UQはWiMAX 2+における卸通信サービスの大半がauの4G LTE通信サービス契約者向けの「キャリアアグリゲーション(CA)」用に使われている現状から(具体的なシェア情報は構成員限定公開)、UQ単体では接続交渉上の優位性を持ち得ないこと、企業会計の作成方法の変更準備に時間を要すること(※4)、第二種設備で開放義務のある「アンバンドル機能」(※5)を自社単独では提供していないことなどを挙げて、WiMAX 2+設備の第二種指定に否定的な考えを示した。
万が一、UQを含むBWA事業者を第二種指定する場合は、先述の状況と5G時代を見据えて第二種通信設備の定義を抜本的に見直すことを求めた。
※4 第二種通信設備を持つMNOの企業会計は、「電気通信事業会計規則」に従って作成する必要がある。UQは現時点ではこの会計を適用していないため、移行を求められた場合はシステム改修などの対応に時間が必要となる
※5 「音声交換」「データ交換(レイヤー2接続)」「MNP転送」「SMS(ショートメッセージ)交換」の4機能が対象。UQの場合、データ交換はKDDIを通して提供しており、その他3機能はBWAサービスなので提供できない
先述の通りUQはauにWiMAX 2+を卸提供しつつ、MVNOとしてKDDIからau回線の提供を受けている。そのことから「KDDIから帯域購入面で優遇を受けているのでは?」という疑念を持たれた。この点については、過去の検討会において構成員限定ながら資料を提示して否定したものの、「MNOのグループ内取引を検証するべきだ」という声は少なからずある。

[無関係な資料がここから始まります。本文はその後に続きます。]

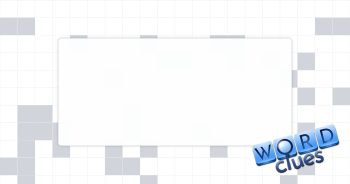 Coffee unit Crossword Clue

UQはMNOやそのグループ企業の経営資源を検証する必要はないとしつつ、もしもグループ内取引を検証する場合は、あらゆる形態の企業におけるグループ内取引を検証して公平性を担保するべきだと訴えた。具体的な社名は出さなかったものの、ドコモとNTT東日本・西日本、NTTコミュニケーションズの取引、ソフトバンクのブランド間取引(ソフトバンク⇔Y!mobile)、ソフトバンクとLINEモバイルの取引、関西電力とケイ・オプティコム(mineo)の取引、楽天と楽天モバイルネットワークの取引などを想定しているものと思われる。

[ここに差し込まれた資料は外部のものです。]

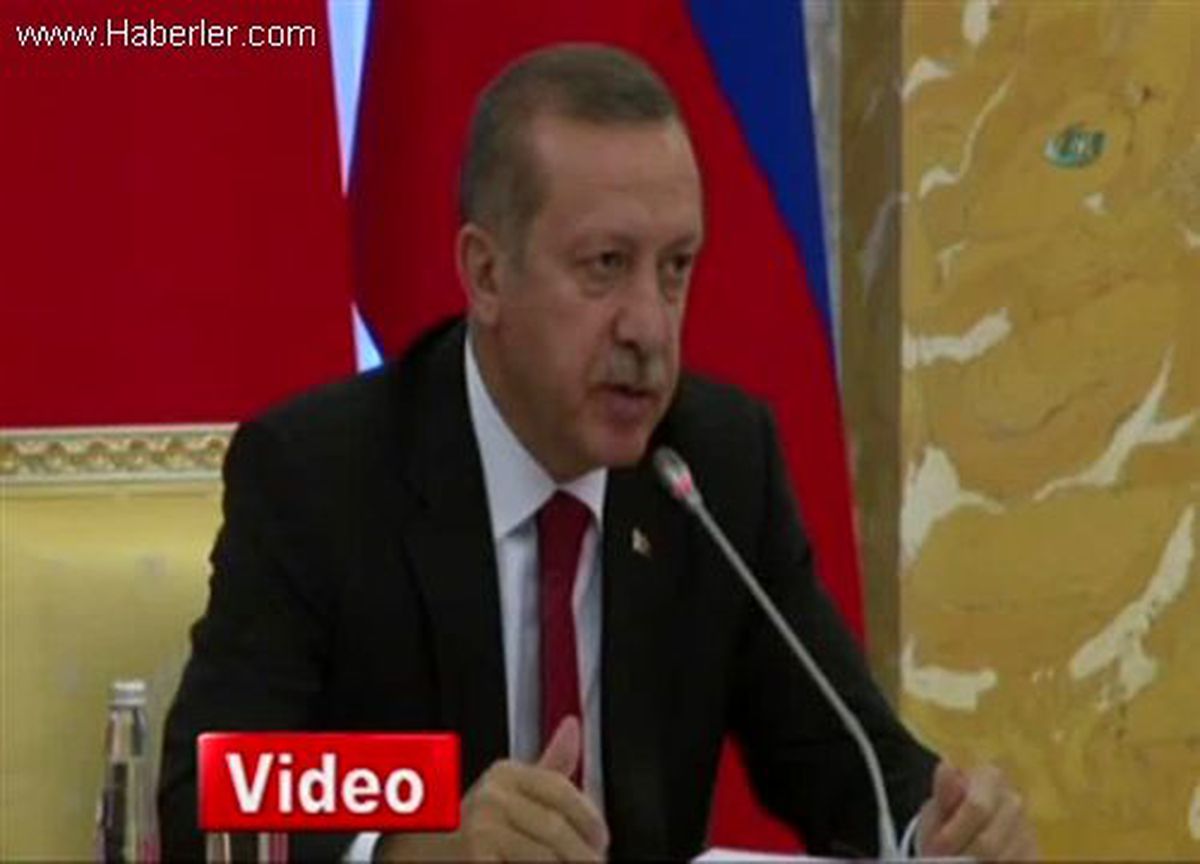 Başbakan Erdoğan: \'Hedef 100 Milyar Dolar\'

KDDI:接続料はMVNO主導で算定できる仕組みを導入
KDDIからは担当者が3人出席。古賀靖広執行役員(渉外・広報本部長)が主な説明を担当した。
KDDIは先にヒアリングを受けたUQの親会社である(米国会計基準適用時)。そのこともあり、「親が子を助ける」ような主張が複数見受けられた。
まずUQのWiMAX 2+の第二種通信設備指定については、同サービスの契約数の大半がauが卸提供を受けた回線(CAを実現するために借り上げた回線)ものであるとして、UQに実効的な交渉の優位性はなく、同サービスを二種指定することは適当でないとした。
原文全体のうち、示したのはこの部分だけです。